Thread: pgsql 9.0.1 table corruption

pgsql 9.0.1 table corruption

From

Dan Biagini

Date:

14 April 2011, 12:11:09

I have a 9.0.1 database with two corrupted tables (one table has 20
rows, the other 140).  The tables *seem* fine for read/select
operations, but updating certain rows in the table produce error
messages:

update media set updated_at = now() at time zone 'UTC';
ERROR:  could not read block 2 in file "base/16384/16485": read only 0
of 8192 bytes

update media_status set updated_at = now() at time zone 'UTC';
2011-04-14 00:15:15 UTC ERROR:  could not read block 3 in file
"base/16384/16543": read only 0 of 8192 bytes
2011-04-14 00:15:15 UTC STATEMENT:  update media_status set updated_at
= now() at time zone 'UTC';

Examining the corrupted files in the filesystem (linux), they aren't
zero bytes:

ll base/16384/16485
-rwx------ 1 postgres postgres 16384 2011-04-07 09:43 base/16384/16485

I ran a "vacuum(FULL, VERBOSE) <table>" command and the corruption (or
at least the errors on update) has disappeared.  Is it expected that a
"vacuum(FULL)" command would/could fix table corruption?  Does that
providing any clues as to what may have happened?

Is there any way to determine how/when this corruption may have occurred?

I suspect that it may have occurred during a filesystem level backup
(ie pg_start_backup(), tar -czf..., pg_stop_backup()), as I performed
a backup and moved the database to a different system.  After
restoring the files and starting postgres I began getting these
errors.  I have tried restoring multiple times with the same tar
archive with the same results (on different systems).

Thanks,
Dan

Re: pgsql 9.0.1 table corruption

From

Alan Hodgson

Date:

14 April 2011, 13:08:43

On April 14, 2011 08:10:47 am Dan Biagini wrote:

> I suspect that it may have occurred during a filesystem level backup
> (ie pg_start_backup(), tar -czf..., pg_stop_backup()), as I performed
> a backup and moved the database to a different system.  After
> restoring the files and starting postgres I began getting these
> errors.  I have tried restoring multiple times with the same tar
> archive with the same results (on different systems).

Did you perform a PITR restore using that tar as a base backup?

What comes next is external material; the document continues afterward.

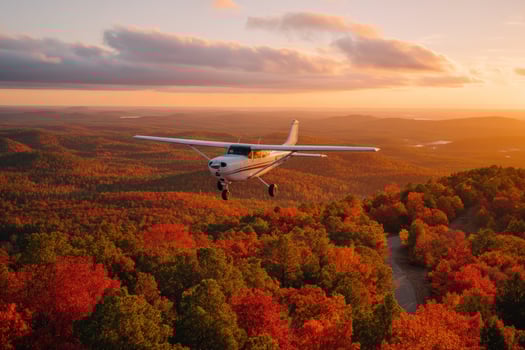 Small airplane flying over colorful autumn foliage at sunset with winding roads photo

Do any errors
occur?  The tar file alone will not be an intact backup, as I'm sure you're
aware.

http://www.postgresql.org/docs/9.0/static/continuous-archiving.html#BACKUP-
PITR-RECOVERY

Re: pgsql 9.0.1 table corruption

From

Tom Lane

Date:

15 April 2011, 13:51:07

Dan Biagini <dbiagini@gmail.com> writes:
> I have a 9.0.1 database with two corrupted tables (one table has 20
> rows, the other 140).  The tables *seem* fine for read/select
> operations, but updating certain rows in the table produce error
> messages:

> update media set updated_at = now() at time zone 'UTC';
> ERROR:  could not read block 2 in file "base/16384/16485": read only 0
> of 8192 bytes

The UPDATE scan itself wouldn't read off the end of the table.
I speculate that what is happening here is that you have a unique
index, so it's trying to verify that the uniqueness constraint isn't
violated, which means fetching via the index, and there are corrupt
TID pointers in the index (pointing to blocks that don't exist).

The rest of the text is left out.